### DATASET RECORDS
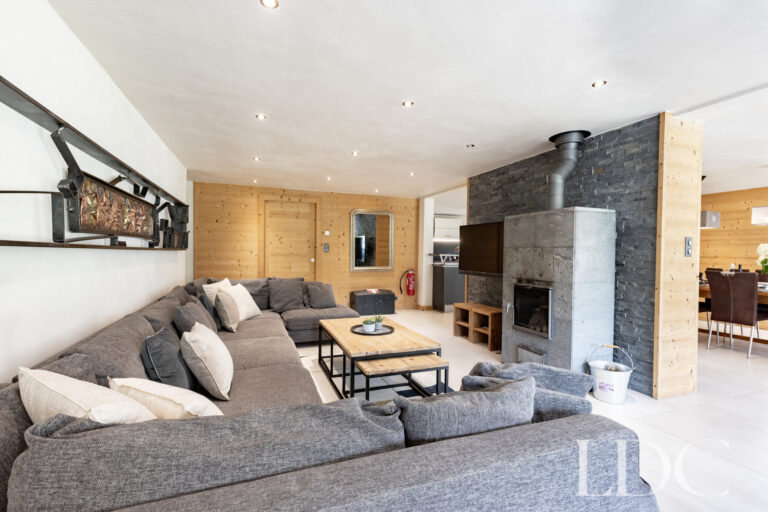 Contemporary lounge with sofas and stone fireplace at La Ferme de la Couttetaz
--
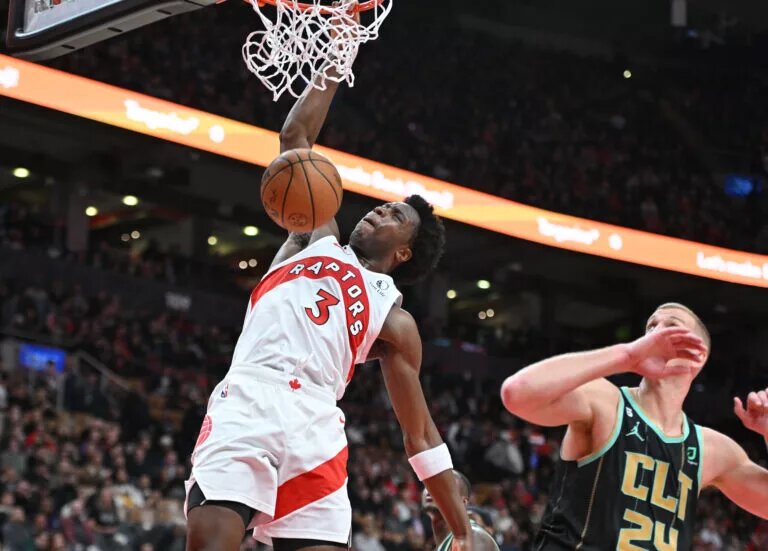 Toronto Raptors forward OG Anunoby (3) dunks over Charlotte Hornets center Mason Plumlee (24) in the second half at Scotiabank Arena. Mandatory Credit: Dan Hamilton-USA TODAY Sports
* * *
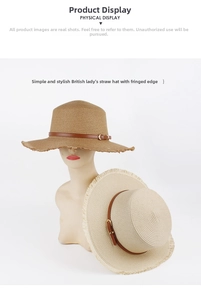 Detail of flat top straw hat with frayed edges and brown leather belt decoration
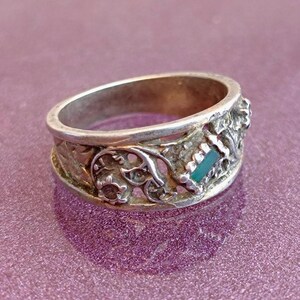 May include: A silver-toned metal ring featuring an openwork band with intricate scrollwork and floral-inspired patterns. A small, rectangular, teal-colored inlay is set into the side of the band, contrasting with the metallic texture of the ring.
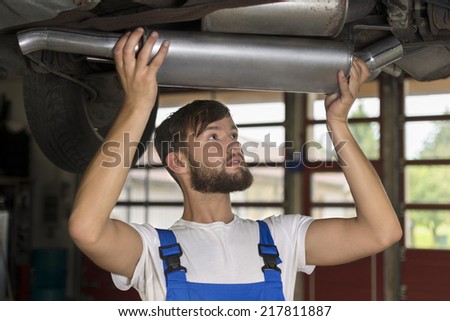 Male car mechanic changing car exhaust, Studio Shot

### EXERCISE AIM
Start with the line with "May include: A" in the listing above and stop after the line with "Male car mechanic". Write out exactly the lines in that stretch and no others, without pictures.

### ANSWER SECTION
 May include: A silver-toned metal ring featuring an openwork band with intricate scrollwork and floral-inspired patterns. A small, rectangular, teal-colored inlay is set into the side of the band, contrasting with the metallic texture of the ring.
 Male car mechanic changing car exhaust, Studio Shot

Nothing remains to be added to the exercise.